Dari Tanah Karo sampai Manado, bencana mendera Indonesia. Mulai dengan letusan Gunung Sinabung, di Tanah Karo, Sumatera Utara, erupsi Gunung Marapi di Sumatera Barat, banjir yang melanda Jakarta dan sepanjang pantai utara Jawa, letusan Gunung Raung di Jawa Timur sampai banjir bandang di Manado, Sulawesi Utara. Sambung-menyambung! Penyebab banjir tak bisa dipisahkan dari praktek korupsi dari hulu sampai hilir. Penyebab gunung meletus dan gempa bumi memang peristiwa alam, bukan korupsi. Tapi, cara penanganan, upaya pencegahan jatuhnya korban dan pemberian bantuan kepada korban bencana selama ini tidak bebas dari praktek korupsi.
Korupsi menurut definisi yang lebih luas bukan hanya soal suap-menyuap atau “menilep” uang negara.
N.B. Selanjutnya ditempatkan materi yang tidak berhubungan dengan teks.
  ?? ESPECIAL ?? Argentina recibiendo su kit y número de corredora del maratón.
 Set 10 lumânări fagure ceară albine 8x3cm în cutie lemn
Jauh lebih luas dari itu. Diskursus spiritual, teologi, intelektual dan moral tentang korupsi merumuskan bahwa korupsi adalah tindakan yang menyimpang dari kesucian atau penyimpangan dari sesuatu yang ideal.
Jadi, korupsi meliputi penyalahgunaan wewenang dari pejabat legislatif, eksekutif dan yudikatif untuk kepentingan pribadi, kelompok, dan atau partai politik masing-masing sampai dengan perusakan lingkungan, termasuk pembabatan hutan liar (illegal logging), konversi lahan hutan menjadi ladang pertanian, perkebunan, pemukiman dan fasilitas wisata di daerah hulu sungai.
Pelaku korupsi tidak mengenal SARA (suku, antar golongan, ras dan agama), gender, profesi, lokasi dan usia. Semua agama melarang pemeluknya melakukan korupsi, tapi terbukti koruptor adalah orang-orang yang rajin beribadah di mesjid, gereja dan pura. Korupsi telah sukses melakukan regenerasi dan suksesi, karena usia pelakunya semakin muda saja. Korupsi berlangsung mulai dari hulu (posisi puncak), tengah sampai hilir, di pusat dan daerah.